* [Task statement]: Every line of the entries below that carries the string "style" should be copied.

* [Data for the task]:
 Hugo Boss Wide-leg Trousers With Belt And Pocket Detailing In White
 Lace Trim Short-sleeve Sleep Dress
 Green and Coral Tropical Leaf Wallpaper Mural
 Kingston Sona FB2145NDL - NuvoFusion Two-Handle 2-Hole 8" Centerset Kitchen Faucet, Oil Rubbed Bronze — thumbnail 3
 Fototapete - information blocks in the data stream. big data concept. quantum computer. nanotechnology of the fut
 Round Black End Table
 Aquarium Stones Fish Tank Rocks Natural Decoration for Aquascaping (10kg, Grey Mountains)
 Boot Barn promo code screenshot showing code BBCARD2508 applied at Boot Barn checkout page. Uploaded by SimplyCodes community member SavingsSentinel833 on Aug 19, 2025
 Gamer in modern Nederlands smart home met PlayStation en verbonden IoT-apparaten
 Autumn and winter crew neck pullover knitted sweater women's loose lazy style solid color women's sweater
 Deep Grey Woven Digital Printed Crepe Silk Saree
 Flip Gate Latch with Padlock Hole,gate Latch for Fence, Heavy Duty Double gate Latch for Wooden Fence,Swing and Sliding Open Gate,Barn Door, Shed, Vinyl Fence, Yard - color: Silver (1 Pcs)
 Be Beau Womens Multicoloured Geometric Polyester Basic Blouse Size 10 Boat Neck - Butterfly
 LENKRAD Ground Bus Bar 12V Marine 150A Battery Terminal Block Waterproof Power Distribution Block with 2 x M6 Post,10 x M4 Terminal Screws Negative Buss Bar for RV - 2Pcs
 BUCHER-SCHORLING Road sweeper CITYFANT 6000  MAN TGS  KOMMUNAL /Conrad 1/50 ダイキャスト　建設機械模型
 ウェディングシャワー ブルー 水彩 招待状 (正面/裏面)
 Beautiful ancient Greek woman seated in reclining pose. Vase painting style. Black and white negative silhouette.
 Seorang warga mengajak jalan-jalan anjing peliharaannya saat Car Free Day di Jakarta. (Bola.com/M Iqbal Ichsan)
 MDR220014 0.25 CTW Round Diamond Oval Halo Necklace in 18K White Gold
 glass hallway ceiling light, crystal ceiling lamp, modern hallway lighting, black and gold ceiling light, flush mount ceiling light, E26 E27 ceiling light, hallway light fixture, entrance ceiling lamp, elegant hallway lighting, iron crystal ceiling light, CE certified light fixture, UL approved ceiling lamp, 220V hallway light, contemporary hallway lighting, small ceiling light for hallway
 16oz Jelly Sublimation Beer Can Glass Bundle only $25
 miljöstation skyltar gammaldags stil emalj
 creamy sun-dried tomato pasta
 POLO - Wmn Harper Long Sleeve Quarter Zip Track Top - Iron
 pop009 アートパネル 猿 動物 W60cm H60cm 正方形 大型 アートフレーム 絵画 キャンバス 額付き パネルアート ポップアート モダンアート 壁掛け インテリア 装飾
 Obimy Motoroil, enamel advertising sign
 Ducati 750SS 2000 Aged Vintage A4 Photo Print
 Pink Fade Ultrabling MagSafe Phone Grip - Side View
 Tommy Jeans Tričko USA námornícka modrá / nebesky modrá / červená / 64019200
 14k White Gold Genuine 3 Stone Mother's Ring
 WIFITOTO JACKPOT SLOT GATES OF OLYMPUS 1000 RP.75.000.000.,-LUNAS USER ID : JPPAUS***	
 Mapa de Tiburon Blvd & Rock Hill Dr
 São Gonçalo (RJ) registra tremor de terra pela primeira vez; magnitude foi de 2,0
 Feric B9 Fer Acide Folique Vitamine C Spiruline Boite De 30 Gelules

* [Response for this exercise]:
 Autumn and winter crew neck pullover knitted sweater women's loose lazy style solid color women's sweater
 Beautiful ancient Greek woman seated in reclining pose. Vase painting style. Black and white negative silhouette.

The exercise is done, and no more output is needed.